Tuesday, March 24, 2009

My inspiration: part 2

Did you ever watch someone interact with their dog and think, “I wish my dog behaved like that.”
Growing up, my Uncle and his Golden Retriever, Rose, set that type of example for me.
“Hey Rose,” he’d say nonchalantly from his chair at the kitchen table.
Rose would run to him, standing in front of him with a smile on her face.
“Rose, why don’t you get your baby,” he’d tell her.
She’d look around the room for her stuffed animal and, not finding it, she’d return to my Uncle.
“I told you to get your baby Rose,” he’d say. “Did you leave it in the hallway?”
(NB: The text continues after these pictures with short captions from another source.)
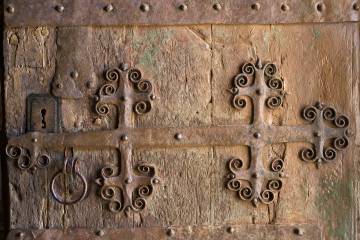 Detalle de la iglesia románica de Ahedo del Butrón (Burgos).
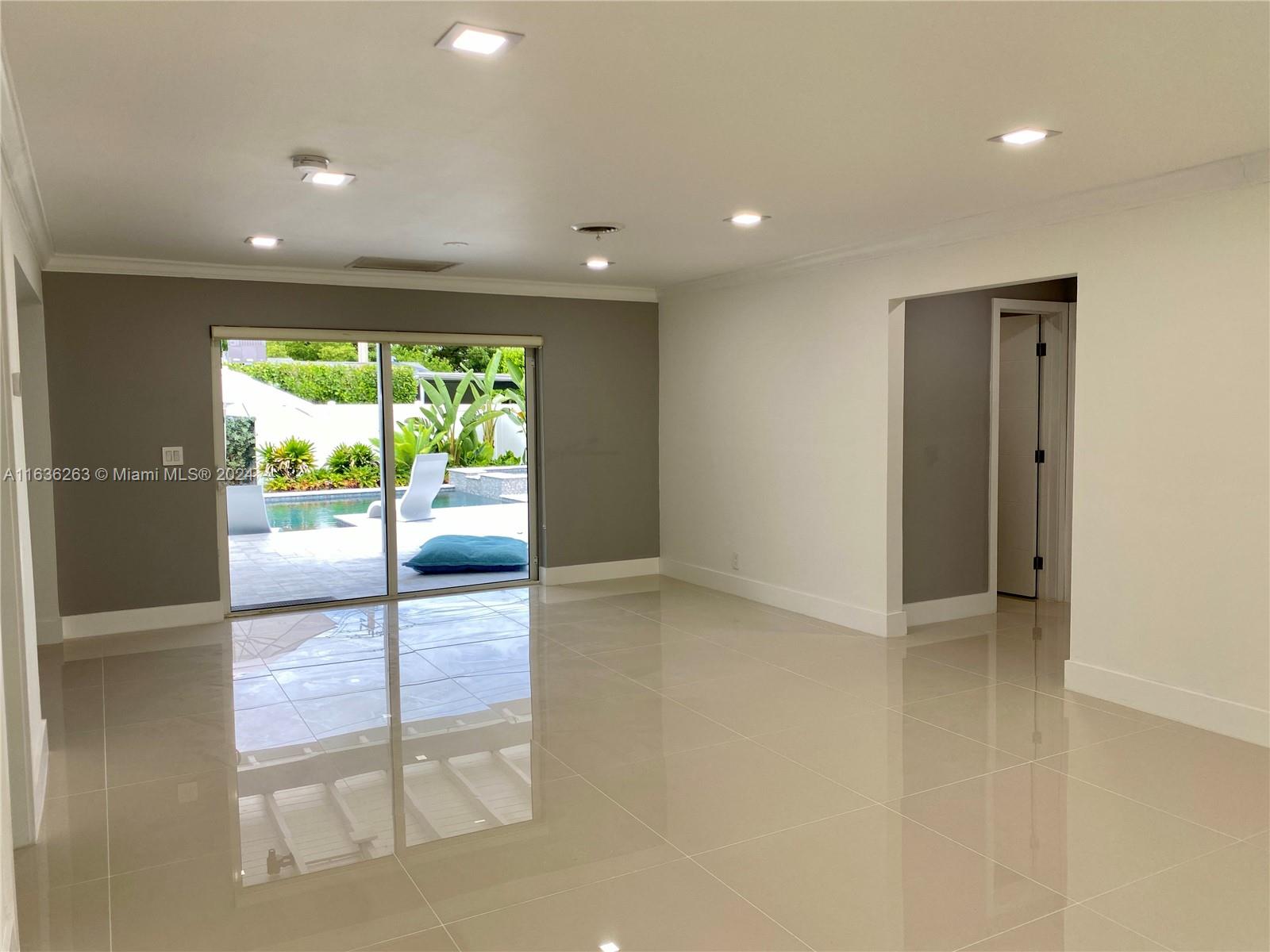 1321 Garfield St Unit: .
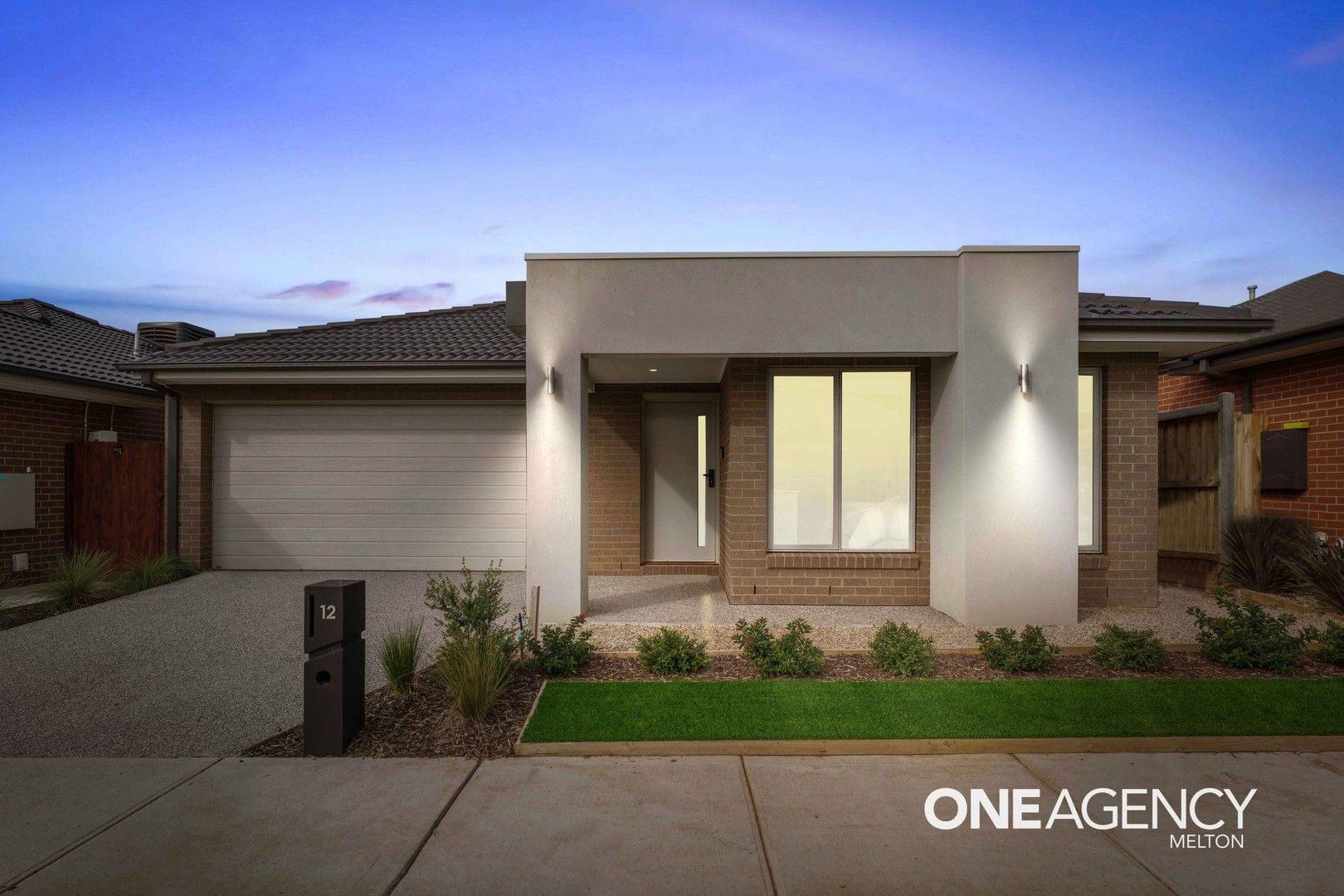 3 bedrooms House in 12 Harry Drive THORNHILL PARK VIC, 3335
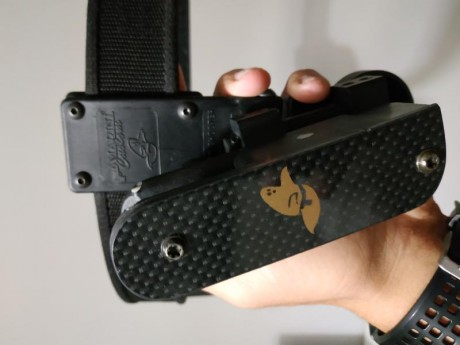 GLOCK 17 de 3Generacion, con apenas uso en venta. El arma tiene miras LPA, muelle DPM, palanca de retenida 01
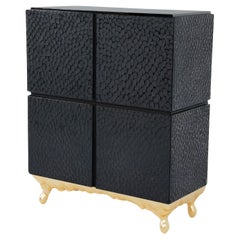 Armoire contemporaine à quatre portes avec finition noir texturé et feuille d
or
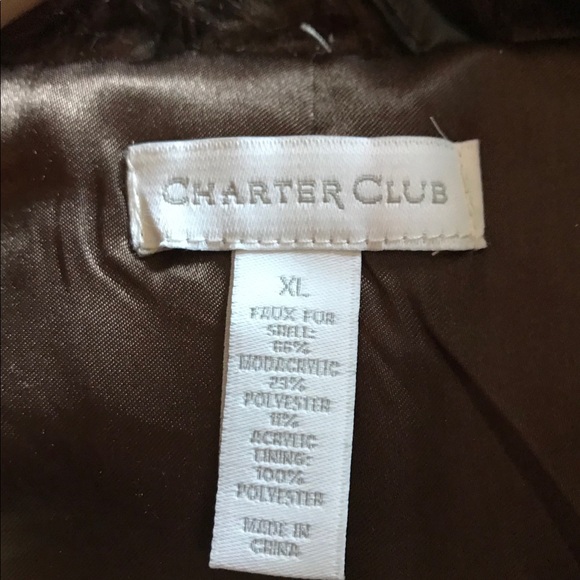 ๐ข Faux fur vest - get ready for fall ๐ - Picture 3 of 4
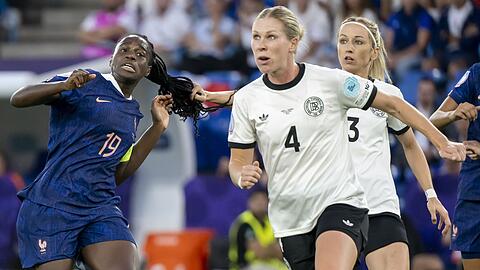 Für dieses Foulspiel wird Kathrin Hendrich (hinten rechts) gesperrt - allerdings nur für ein Spiel.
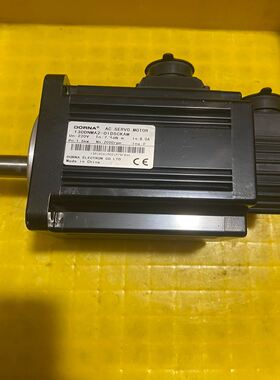 东菱伺服电机，型号130DNMA2-01D5CKAM，实物图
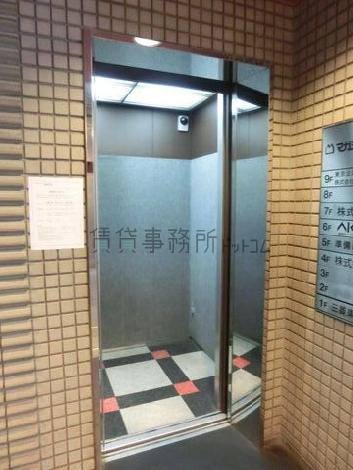 エレベーター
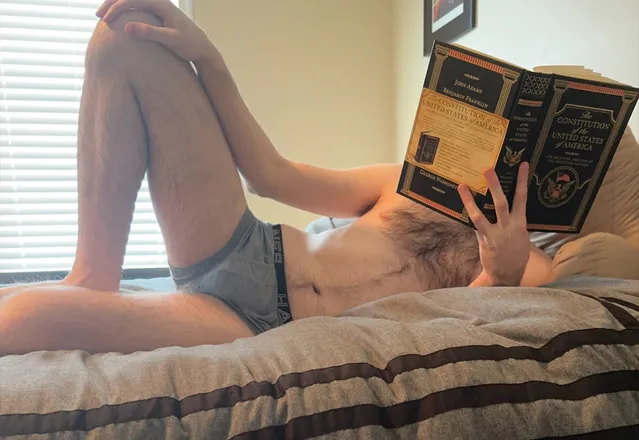 OnlyFans cuenta lowkeynaked header 2
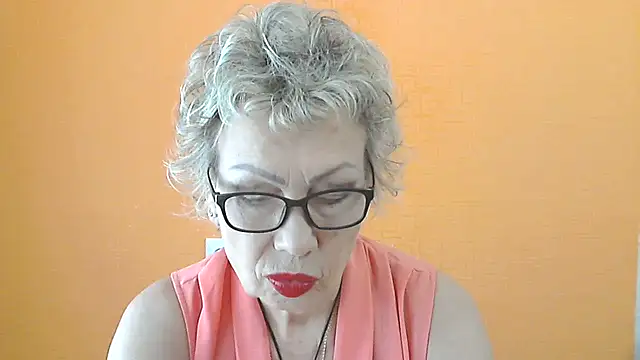 NessyJenixs online show from June 25, 6:07 am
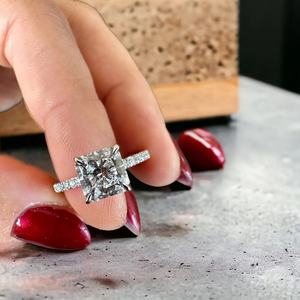 Anillo de Compromiso con Diamante Cultivado en Laboratorio, Corte Princesa, 1.5 CT, Oro Sólido de 18K, Certificado IGI, Joyería de Lujo, Precio de Fábrica al por Mayor - Product Image 1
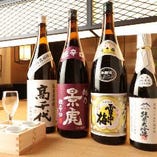 【日本酒】うまい米と清らかな水に恵まれた雪国・新潟。この地で研鑽を積んだ杜氏による至高の日本酒を揃えております。唎酒師の資格を持つスタッフが蔵元を訪れ、味わって厳選したお酒ばかり。純米酒や大吟醸に偏ることなく、料理に合わせてこそ美味しいものを集めました。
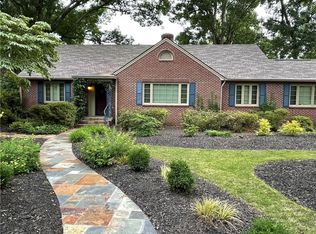 330 Garden Way Dr, Anderson, SC 29625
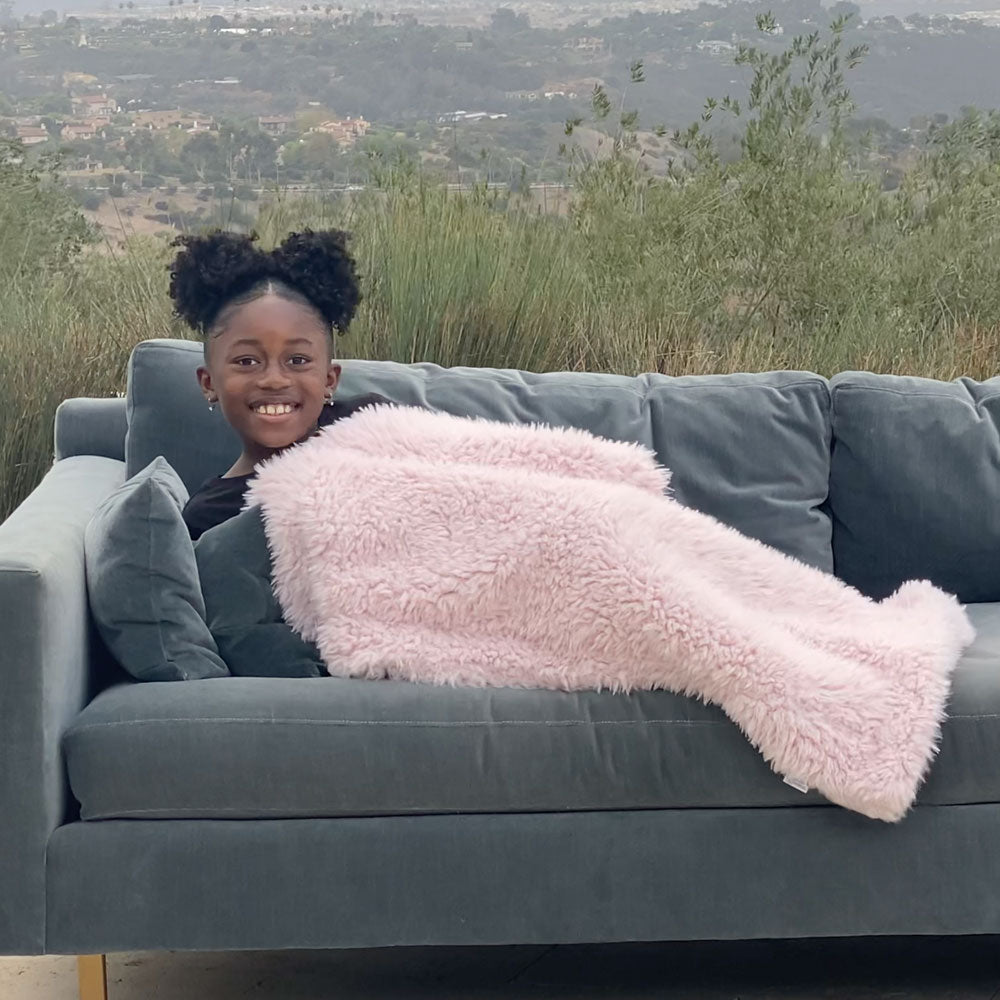 ANGEL PLUSH BLANKET | LITTLE - DUSTY PINK-0
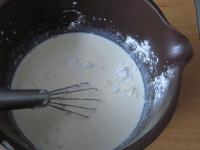 Schwitze aus Sahne, Milch und Maisstärke machen....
Rose would trot down the hallway, checking for her baby. She’d return again, not finding it.
“Well Rose, where’s your baby at?” he’d tease. “Go look in the living room.”
Again, Rose would make her way down the hallway. Finding her baby in living room, she’d scoop it up and run proudly back to my Uncle.
My Uncle never seemed to give Rose a command. He was always just having a conversation with her, and she listened. The way she understood my Uncle was uncanny.
Coming from a family of avid hunters, Rose was naturally trained as a bird dog and my cousins and I were frequently taken out for walks in the woods.
This was what Rose lived for. She loved being out in the woods, and my Uncle never used a leash for her. Rose would let her nose lead her far off the trail, and I’d start to worry about her after a few minutes went by without a glimpse of her.
But my Uncle never worried. He’d let out one whistle, and Rose would appear in a split second, running to him with a smile on her face.
She was always smiling at my Uncle, just happy for him to cast a glance her way.
The way the two of them seemed to converse and understand eachother was what I wanted in a dog. I’ve tried hard to accomplish that with Sensi. I’ve learned, along the way, that it’s not all about training a dog to respond to commands.
It’s more about the bond cultivated between a dog and his owner. While training helps, it’s just one small piece of the puzzle.